Jego syn wpadł dziś rano w egzystencjalny kryzys po przeczytaniu informacji o planowanej pełnej jawności cen mieszkań.

– No nie, no nie, no NIE! Tato! Jak można ludziom mówić, ile coś naprawdę kosztuje? Przecież wtedy to się nie opłaca! Co z tajemnicą handlową? Co z magicznym cennikiem, który zmienia się w zależności od samochodu klienta?! – żalił się Fabian, tnąc ze złością banknoty stuzłotowe. 

Wszystko runęło jak źle wylany strop, gdy Sejm uchwalił ustawę o jawności cen mieszkań.

– To koniec zabawy w nieluchomościach – tłumaczy 3-letniemu braciszkowi 5-letni Fabian. – Kiedyś to było: patrzyłeś klientowi w oczy, kłamałeś: „to ostatni apaltament w tej cenie". I można było naciągać. A telaz?

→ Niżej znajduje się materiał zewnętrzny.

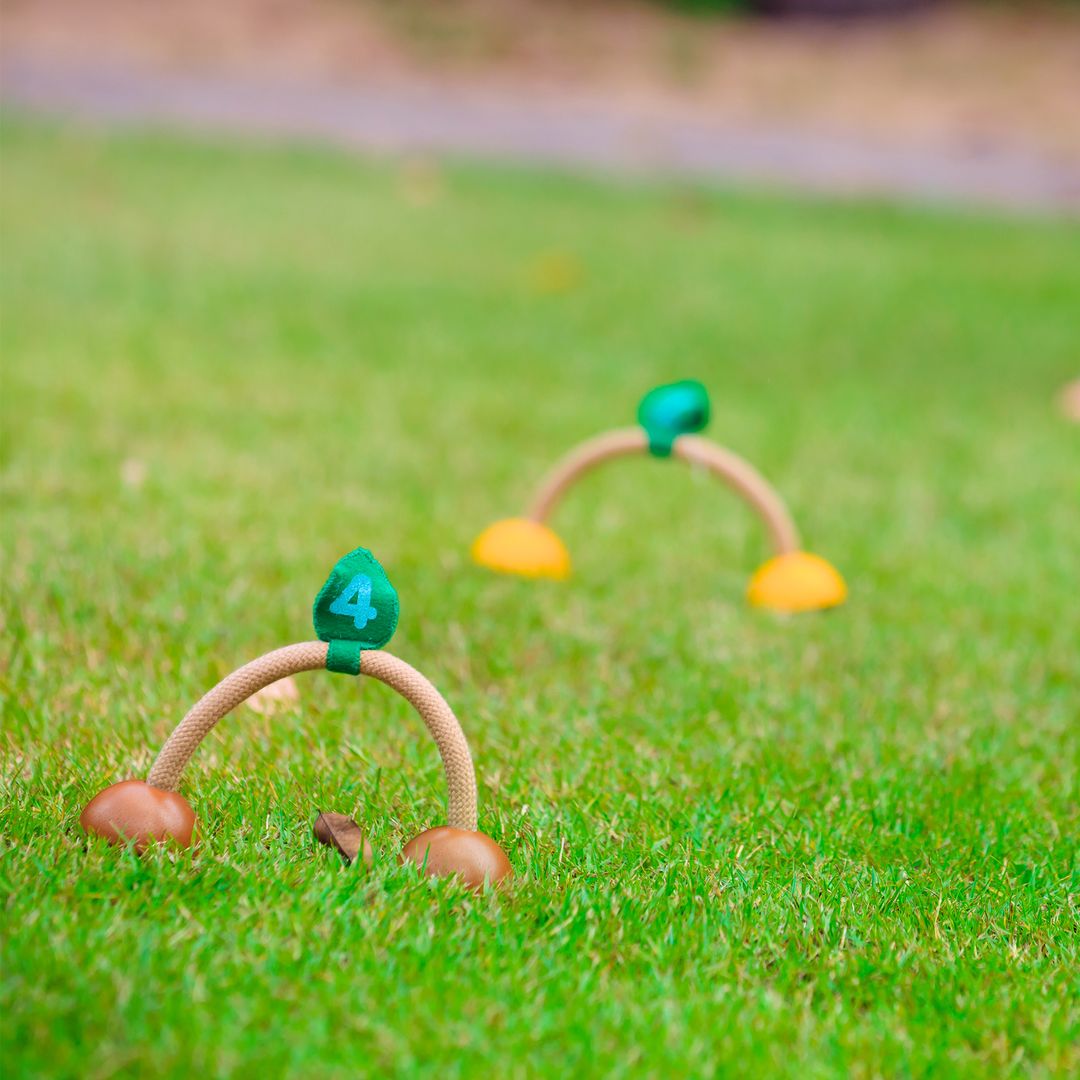 PlanToys Sustainable Non-Toxic Kids' Croquet Yard Game
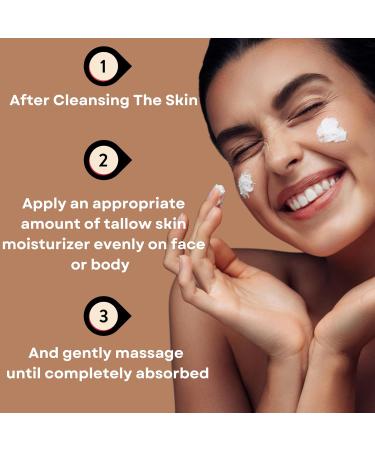 ELHI Whipped Beef Tallow Skin Moisturizer 100% Grass Fed Face and Body Balm For Women & Men 4 OZ (VANILLA LAVENDER) - Buy Online on GoSupps.com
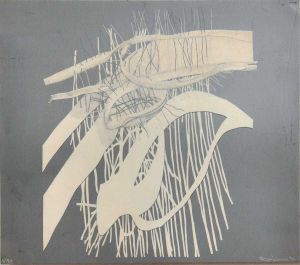 <b>KRAJCBERG, FRANS</b><br>(1921-2017) <br>Sem título<br>Gravura e tinta industrial s/ chapa de metal<br>Ass. e datado 76, cid<br>Numerada 3/50, cie<br>40 x 48 cm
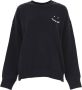 PS By Paul Smith Klassieke Zwarte Sweatshirt van Biologisch Katoen Black Dames - Thumbnail 1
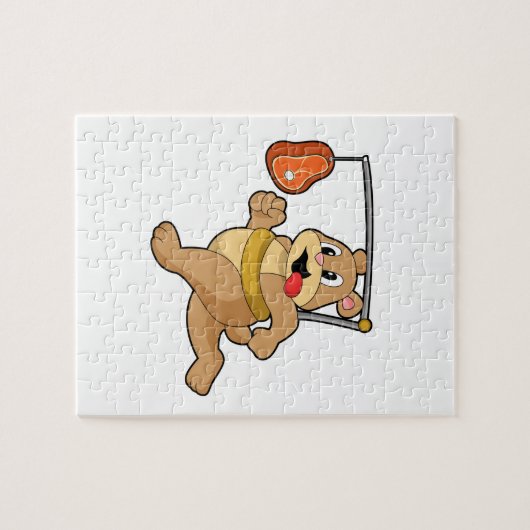 Puzzle Ours comme coureur (Horizontal)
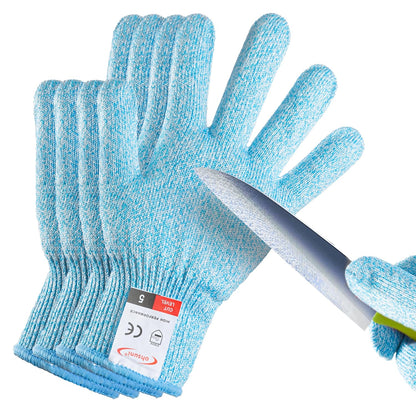 Cutting Gloves, 2 Pairs of Cut Resistant Gloves Food Grade, Cut Resistant Gloves for Kitchen, Oyster Shucking, Fish Fillet Processing, Carving Wood and Gardening(Medium-Grey)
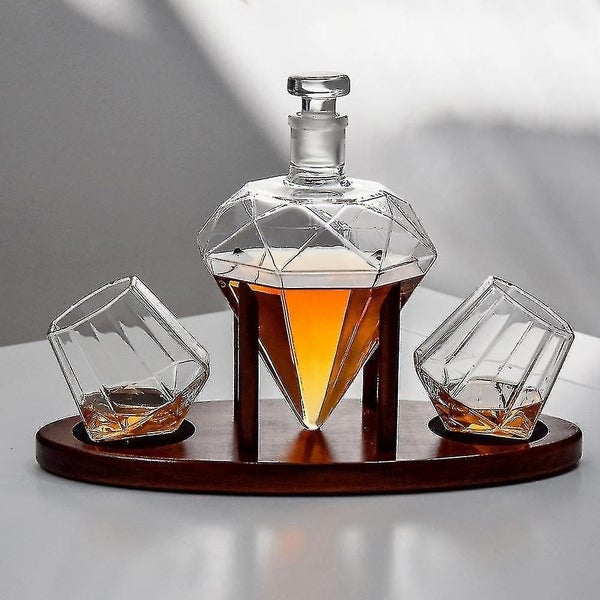 Carafe with Two Glasses and Tray - Diamond Carousel 2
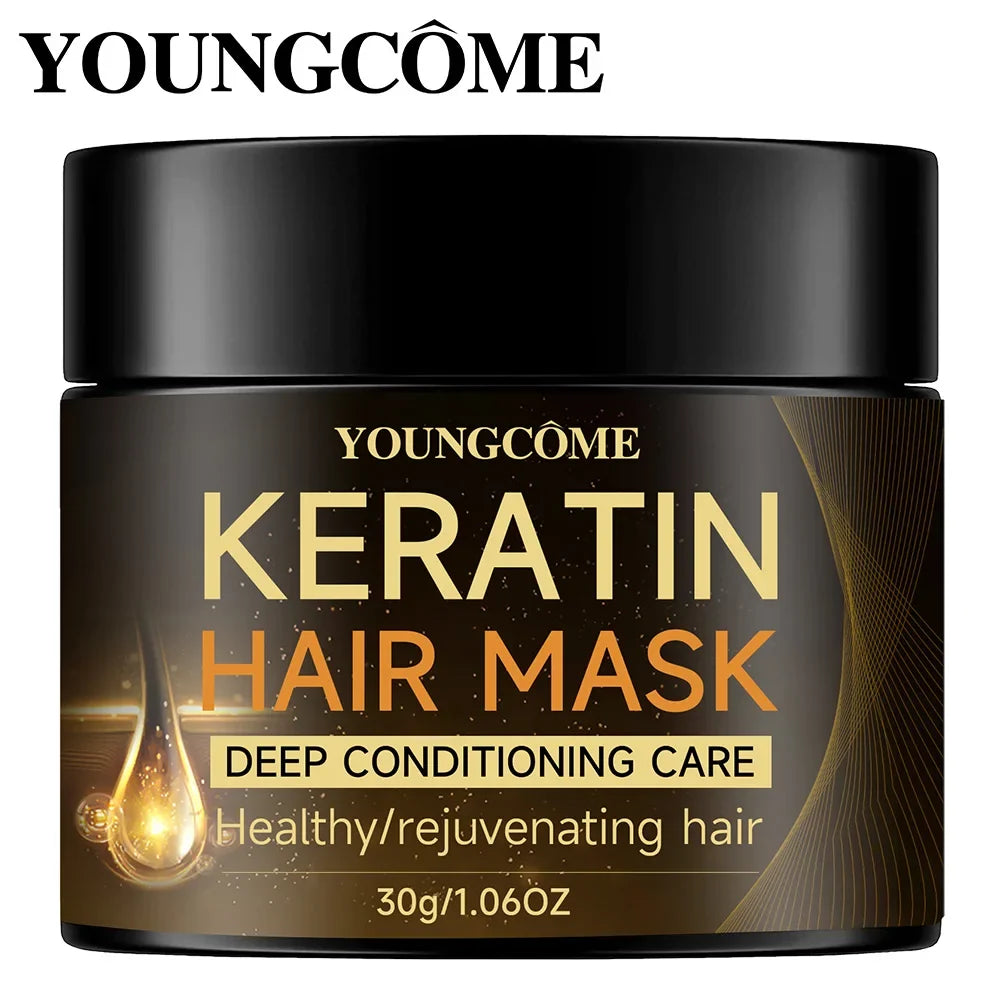 Keratin Hair Mask Moisturizer Conditioner Soft Smooth Frizz Damaged Hair Care Repair Damaged Hair Restore Shine Hair Mask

Będą sobie polównywać, analizować, splawdzać historię tlansakcji… no kto tak robi?! – płacze 5-latek.

Na szczęście tata pociesza rozżalonego Fabianka. 

– Przepisy obejmą tylko nowe mieszkania, a nie te, które sprzedamy w trakcie budowania. Według statystyk około 80% mieszkań sprzedaje się przed ich wybudowaniem. Chcesz poflippować w weekend na pocieszenie? 

To jest ASZdziennik. Wszystkie cytaty wydarzenia zostały zmyślone, ale Sejm naprawdę przegłosował ustawę o jawności cen mieszkań.